Previously, in Finding Gossamyr… The story has centered around Jenna and her brother Denny, who through the interpretation of a mathemagical theorem (utilizing both math and magic!) have entered the world of Gossamyr, where things haven’t really gone too well for them. They met up with the Eloric and his oxlion Barnabus, both of whom were grievously injured in a scuffle with some nefarious powers.


While the first issue revolved around introducing us to the characters of Jenna and Denny and the second issue introduced the land of Gossamyr, this issue is now free to really explore what is happening to these characters and what they will do now that the life they know has been completely uprooted. For Denny this presents a particular problem, as he’s on the severe end of the autistic spectrum and requires everything in his life to be meticulously scheduled and in perfect order. While this makes him a prodigy mathematically, it means that in a world where his watch no longer works he is going to be quite reticent to engage in any new activities.
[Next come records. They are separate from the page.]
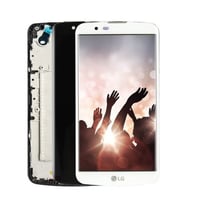 Lg K10 Tvli K430dsy Lcd Ekran Dokunmatik Siyah Çıtalı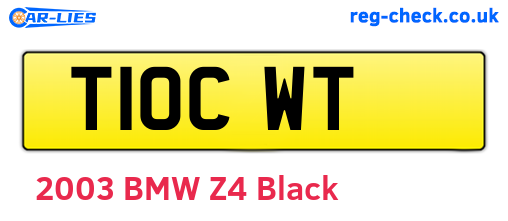 T10CWT are the vehicle registration plates.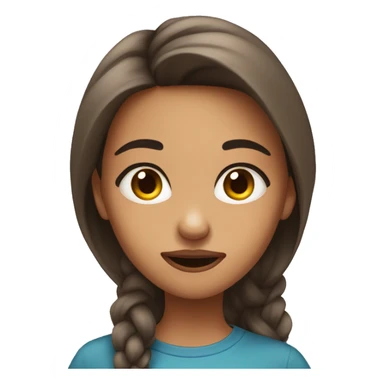 brunnete girl biting her lip sticker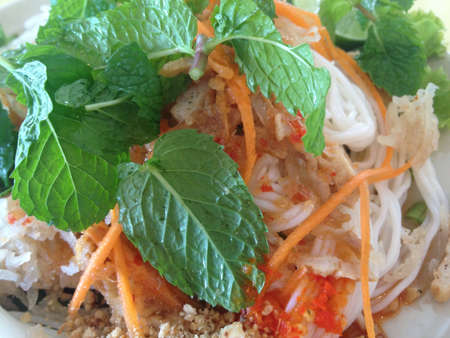 Asian style noodle with spicy sauce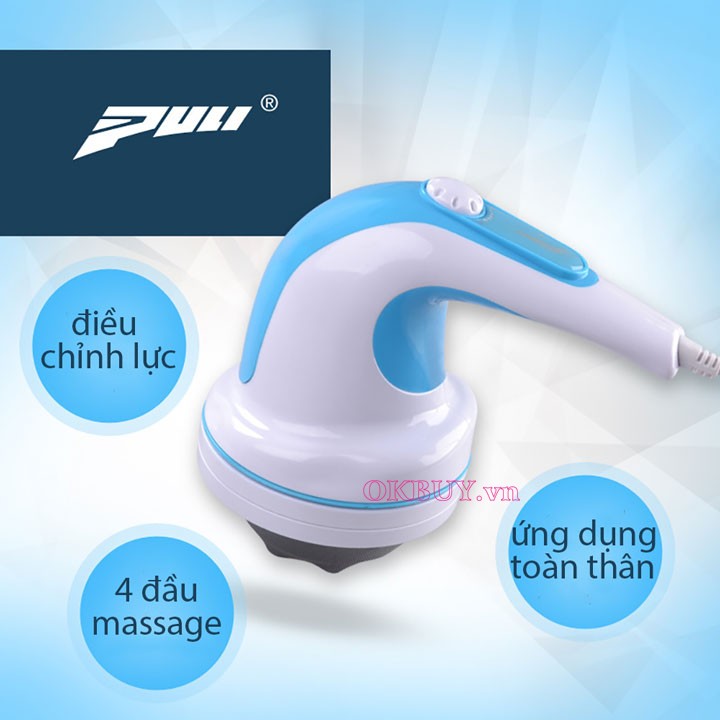 Máy massage cầm tay 4 đầu Puli PL-604B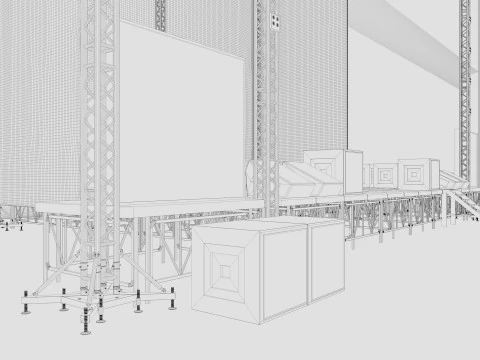 Concert Stage 2 3D Model
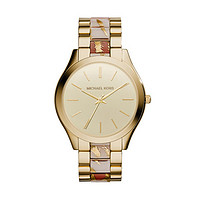 MICHAEL KORS 迈克·科尔斯 Michael Kors 迈克高仕 金色钢带女士石英表 MK4300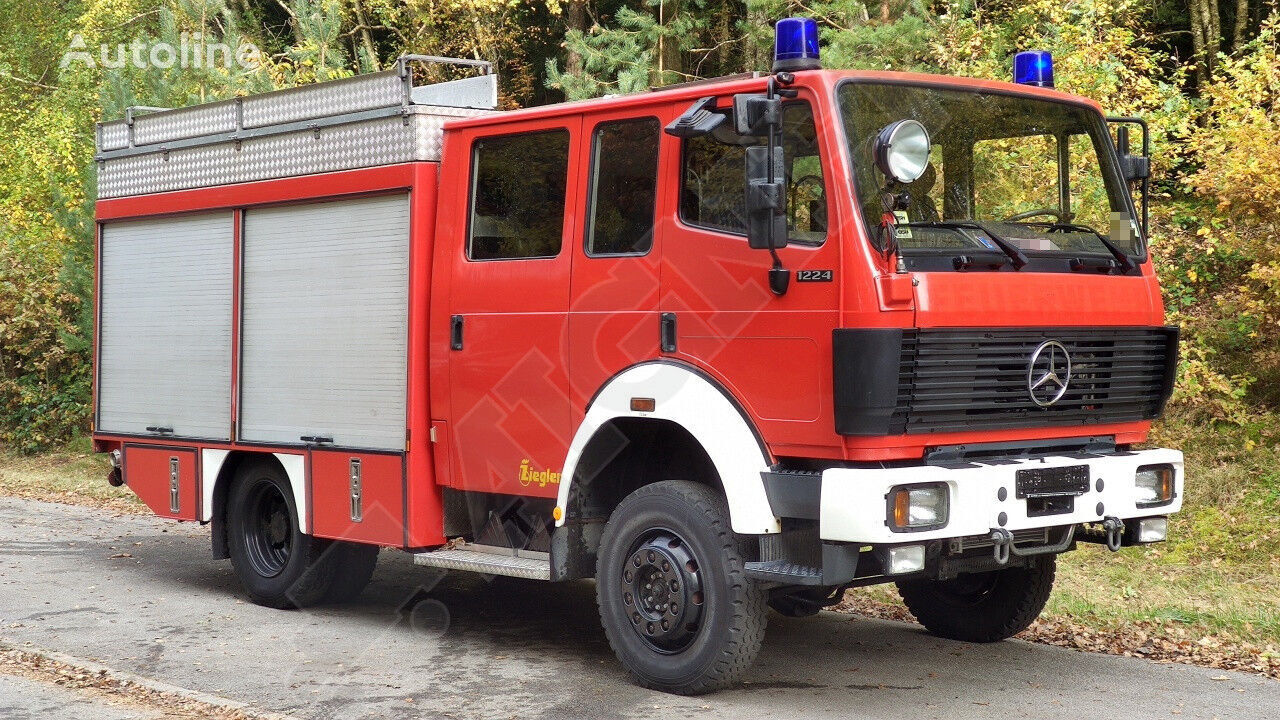 Пожарная машина MERCEDES-BENZ 1224 AF LF 16/12 4x4 DoKa AHK METZ FEUERWEHR  SFZ из Германии, купить подержанный Пожарная машина, Truck1 ID: 5856248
I’m sure artist Sarah Ellerton has heard over and over again that the art in Finding Gossamyr looks as if it could be concept art from an upcoming Pixar movie, but while the praise must be getting old it is completely true. Ellerton’s art is absolutely fantastic, which is a good thing considering the fantasy setting for the book. The action is very animated, with a combination of extreme cartoony facial expressions and more subtle, nuanced faces that demonstrate Ellerton’s range. One of the few problems I had with Ellerton’s art was the overexpression of the orc-like healer Azune; a few of his expressions didn’t seem to sit well on the more robust facial structure, but all in all I am convinced that if Sarah Ellerton can achieve a monthly pace to her art (currently I believe Finding Gossamyr is releasing every two months, and I assume it’s based on her schedule rather than Rodriguez’) she will certainly get noticed by one of the major publishers, and be a big name within a few years.
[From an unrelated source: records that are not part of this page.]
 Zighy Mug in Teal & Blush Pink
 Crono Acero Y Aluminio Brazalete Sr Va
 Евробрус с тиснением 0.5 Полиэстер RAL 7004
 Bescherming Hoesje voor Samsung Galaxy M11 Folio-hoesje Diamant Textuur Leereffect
David Rodriguez is perfectly matched with Sarah Ellerton in this book; his story is simultaneously a sprawling epic set in a fantastic world and a small, touching story between a girl who just wants to protect her brother, but struggles because she can’t relate to him. Now that the initial worldbuilding is over, Rodriguez stretches his legs and delivers an entire issue of great story, with well-paced dialogue and action, as well as a perfect–albeit somewhat expected–cliffhanger. One point that I was particularly amused by: When Azune obtains a ship from the face of a cliff that is subsequently used to scale that cliff, the ship was perfectly named a “shaleskiff.”


This book has been selling out every issue, I assume due to small print runs. I cannot recommend this title enough; it’s certainly the best $3.99 comic book I buy, and among the best books overall I read. To get this you’ll most likely need to put it on a pull list so your local comic shop can make sure they order it–I actually bought #2 from the personal collection of one of my LCS’s employees who was moving–but it’s absolutely worth any effort you may need to put in. Unsurprisingly given how much I’ve been raving in this review, Finding Gossamyr #3 gets a full five out of five stars.